Enfim, são estratégias que têm se mostrado eficazes na diminuição da quantidade de mosquitos. No âmbito doméstico, também são necessárias estratégias de combate a focos, com vigilância, acesso a repelentes, campanhas de conscientização nos bairros, carros com fumacê… Todas as estratégias devem ser ativadas, pois por ora os mosquitos estão vencendo.
Parece o mínimo quando se tem ciência de que o aumento da incidência de arboviroses está diretamente ligado ao aquecimento global, manifestado de forma bastante dura no país neste ano, através de catástrofes variadas. Ou seja, o surto recorde de dengue talvez seja mais um “novo normal”.

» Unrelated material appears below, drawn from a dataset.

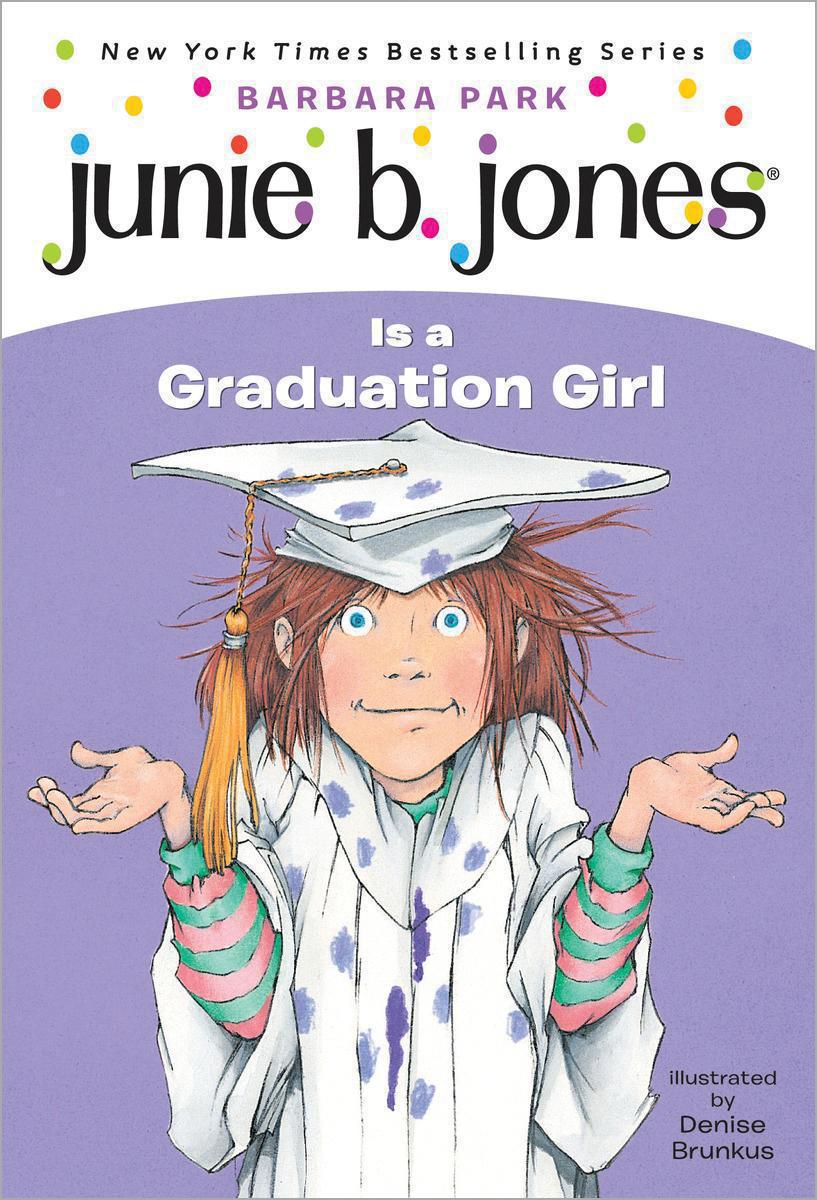 Junie B. Jones® Is a Graduation Girl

Sem dúvida, e estamos falando de uma gestão ambiental que, portanto, foge da alçada do ministério e secretarias de saúde. As consequências incidem na saúde da população, óbvio, e revelam que a pauta ambiental precisa passar à prioridade global. Estamos num país marcado por seguidas ondas de calor, tempo seco, depois chuvoso. São Paulo, a cidade mais populosa do país, tem dias com quatro estações. Essa bagunça climática e desmatamento ainda alto provocam incêndios, com imenso prejuízo ao ser humano e aos animais. Isso é o castigo da natureza, que se “defende” e responde às ações do homem. Já há modelos climáticos a afirmar uma hipótese de um país inabitável da metade do século em diante, ainda no tempo de vida de nossos filhos. Ou passamos a questão ambiental à prioridade ou ficaremos apenas lutando contra consequências de eventos extremos e sua destruição.

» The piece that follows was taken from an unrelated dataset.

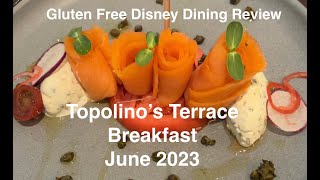 Gluten Free Disney Dining Review Breakfast at Topolinos Terrace Flavors of the Riviera June 2023 [upl. by Nerek]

A SBim realizou congresso em Recife neste mês de setembro. Qual a importância do encontro desta categoria no atual momento, marcado por um bizarro e criminoso negacionsimo, que volta à tona em algumas campanhas eleitorais e segue respaldado por um órgão como CFM?
Em primeiro lugar, destaco que a jornada de imunizações da SBIM já é o maior evento de imunizações do mundo. Tivemos mais de 1.600 inscritos, foi realmente uma ocasião que reuniu especialistas, não só médicos, mas profissionais da saúde que lidam com imunizações num número recorde. Mais importante ainda é que tivemos as instituições públicas lá, Fiocruz, Butantan, Ministério da Saúde, OPAS, que tiveram participação relevante e reforçaram parcerias na produção e disseminação de vacinas. Nesse sentido, reforçamos parcerias com a OPAS.

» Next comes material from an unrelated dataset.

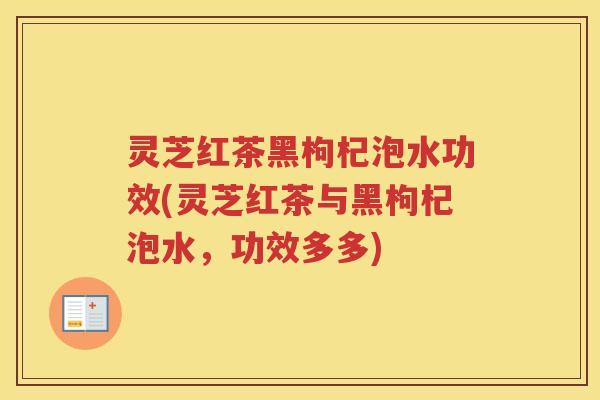 灵芝红茶黑枸杞泡水功效(灵芝红茶与黑枸杞泡水，功效多多)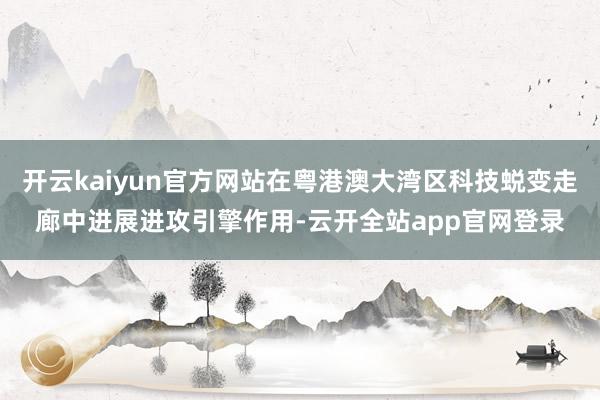 开云kaiyun官方网站在粤港澳大湾区科技蜕变走廊中进展进攻引擎作用-云开全站app官网登录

A grade científica foi muito ampla, houve eventos para diversos públicos, aulas práticas e sessões com atividades de treinamento de enfermeiras, de aplicação e manejo de caixas térmicas para fazer vacinação fora das UBSs ou fora das clínicas, de populações como a indígena e outras extramuros.
O país se vê próximo de cumprir objetivos como a eliminação de meningite, câncer de colo de útero, das novas vacinas que estão chegando, das que acabaram de ser disponíveis, como do VSR, que não está disponível ainda no Programa Nacional de Imunização, mas deve entrar pelo menos para gestante, a fim de prevenir o vírus da bronquiolite e pneumonia em bebês, principalmente nos primeiros seis meses de vida, quando o risco de formas mais graves é maior. Tais vacinas já chegam na rede privada, também para idosos, de modo que devem chegar em breve no SUS.
Falamos de novas diretrizes, atualização dos calendários vacinais, tanto no setor público quanto no setor privado. Fizemos uma atualização deste calendário e celebramos a nova vacina de pólio, que deixa de ser através da gotinha e passa a ser por meio “inativado”.
Enfim, foi um encontro muito positivo diante do atual contexto que vive o país na política de saúde e retomada das coberturas vacinais.